Oleh karena itu, seluruh kabupaten/kota di Jawa Barat diwajibkan membentuk Satgas Pemberantasan Premanisme guna menciptakan kondisi yang lebih kondusif.
Sebagai langkah konkret, Surat Keputusan terkait pembentukan Satgas di Kota Bandung akan segera disahkan.
Bahkan, apel kesiapan Satgas direncanakan akan berlangsung serentak di seluruh Jawa Barat dengan pusat kegiatan di Kabupaten Karawang.
Menyikapi hal ini, Wakil Ketua DPRD Kota Bandung, Edwin Senjaya, menyatakan dukungannya terhadap kebijakan tersebut, namun ia juga mengingatkan bahwa efektivitas Satgas harus diawasi secara ketat agar tidak menjadi sekadar formalitas.
“Kita sudah memiliki payung hukum yang jelas, mulai dari Peraturan Pemerintah (PP) Nomor 2 Tahun 2018 hingga KUHP yang mengatur ancaman pidana hingga 9 tahun penjara bagi pelaku pemerasan dengan kekerasan. Masalahnya adalah kurangnya pengawasan dan adanya pembiaran, yang membuat premanisme terus berkembang,” kata Edwin.
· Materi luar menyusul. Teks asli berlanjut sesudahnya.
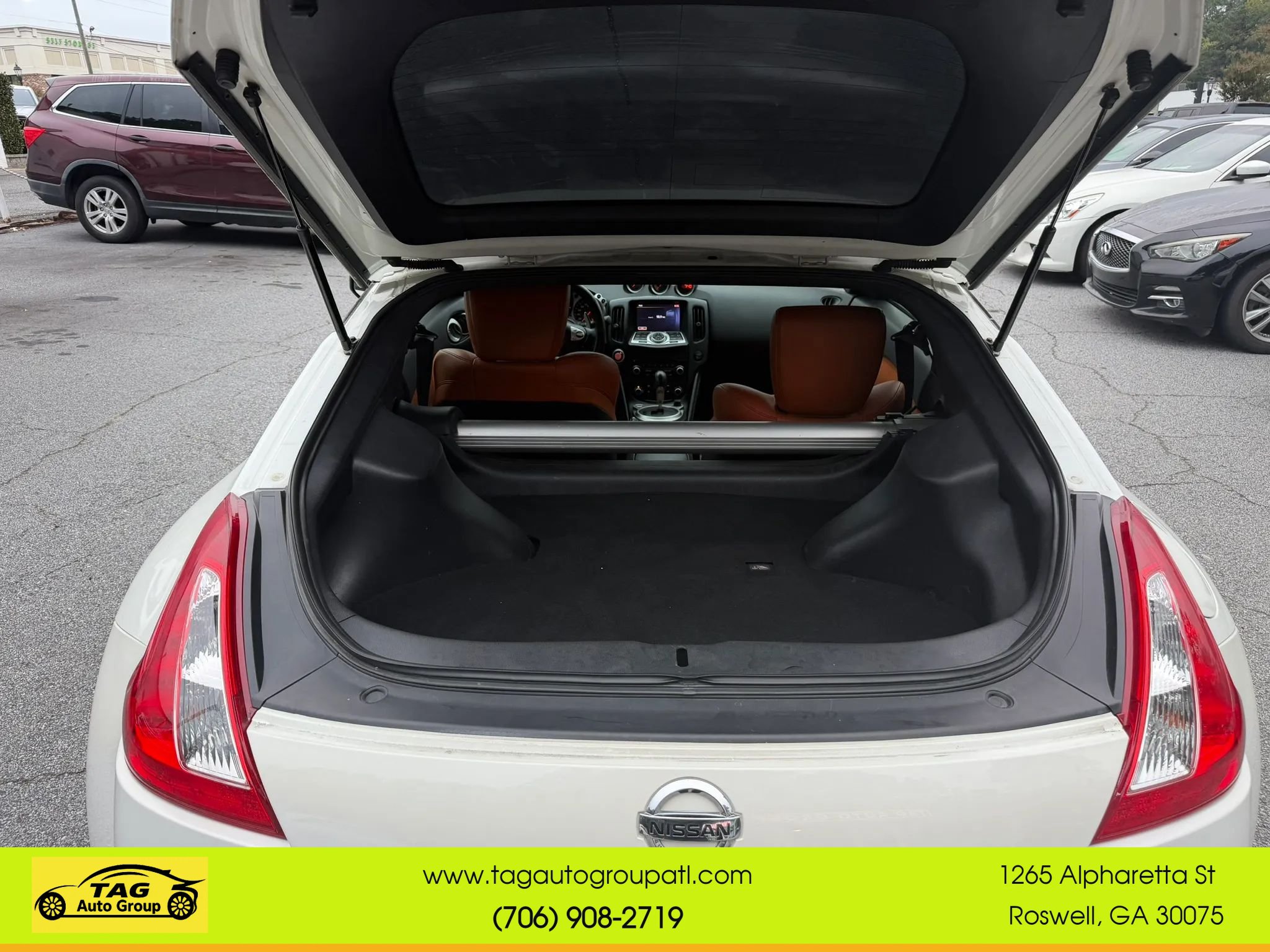 Used 2013 Nissan 370Z Touring w/ Sport Pkg RWD image 13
Ia juga menekankan bahwa premanisme tidak hanya dilakukan oleh individu dengan tampilan tertentu, tetapi bisa melibatkan berbagai oknum dari berbagai profesi.
“Premanisme itu bukan sekadar soal tampilan fisik. Siapapun bisa memiliki karakter premanisme, termasuk oknum di pemerintahan maupun dunia usaha. Jika ingin memberantas premanisme secara tuntas, maka penanganannya harus menyentuh semua lini,” tegasnya.
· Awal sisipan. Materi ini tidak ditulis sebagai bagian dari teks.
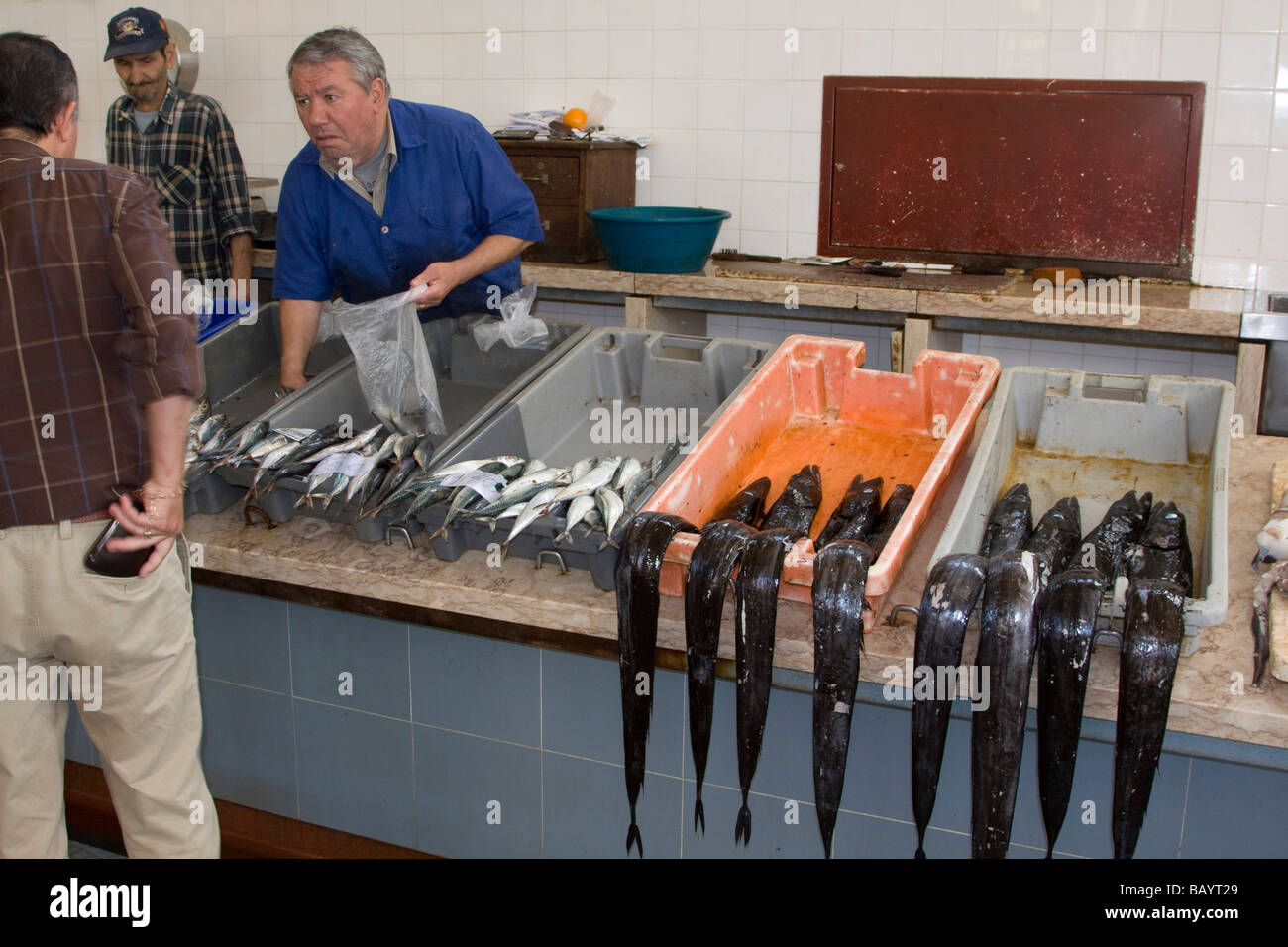 Acquisto effettuato presso il mercato del pesce a Funchal Madeira Portogallo città mercato del pesce a vendere acquistare isola portoghese nella metà Oceano Atlantico Foto Stock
Selain upaya penindakan, edukasi dan sosialisasi juga dianggap sebagai aspek penting dalam menekan angka premanisme.
Edwin menekankan bahwa masyarakat harus memahami konsekuensi hukum dari tindakan premanisme agar tercipta efek jera.
“Masyarakat harus tahu bahwa tindakan premanisme memiliki sanksi pidana yang berat. Dengan pemahaman ini, diharapkan ada efek jera, baik bagi pelaku maupun calon pelaku,” pungkasnya.
Dengan adanya Satgas Pemberantasan Premanisme ini, diharapkan Kota Bandung dapat menjadi tempat yang lebih aman dan nyaman bagi seluruh warganya.
Pemkot Bandung pun berkomitmen untuk menjalankan tugas ini dengan serius, didukung oleh berbagai elemen seperti DPRD, kepolisian, TNI, serta masyarakat.